··· Dataset excerpt

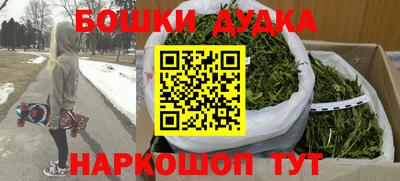 герыч Жуковский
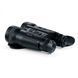 Тепловизионный бинокль Pulsar Merger LRF XL50 THB-00010 фото 6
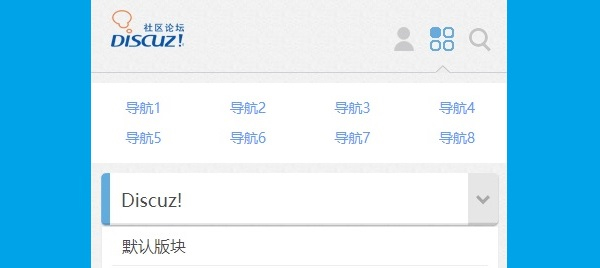 discuzCGUI素材下载截图1 discuzCGUI素材下载截图1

······

All of the data needs repeating exactly, but the pictures do not.

 герыч Жуковский
 Тепловизионный бинокль Pulsar Merger LRF XL50 THB-00010 фото 6
 discuzCGUI素材下载截图1 discuzCGUI素材下载截图1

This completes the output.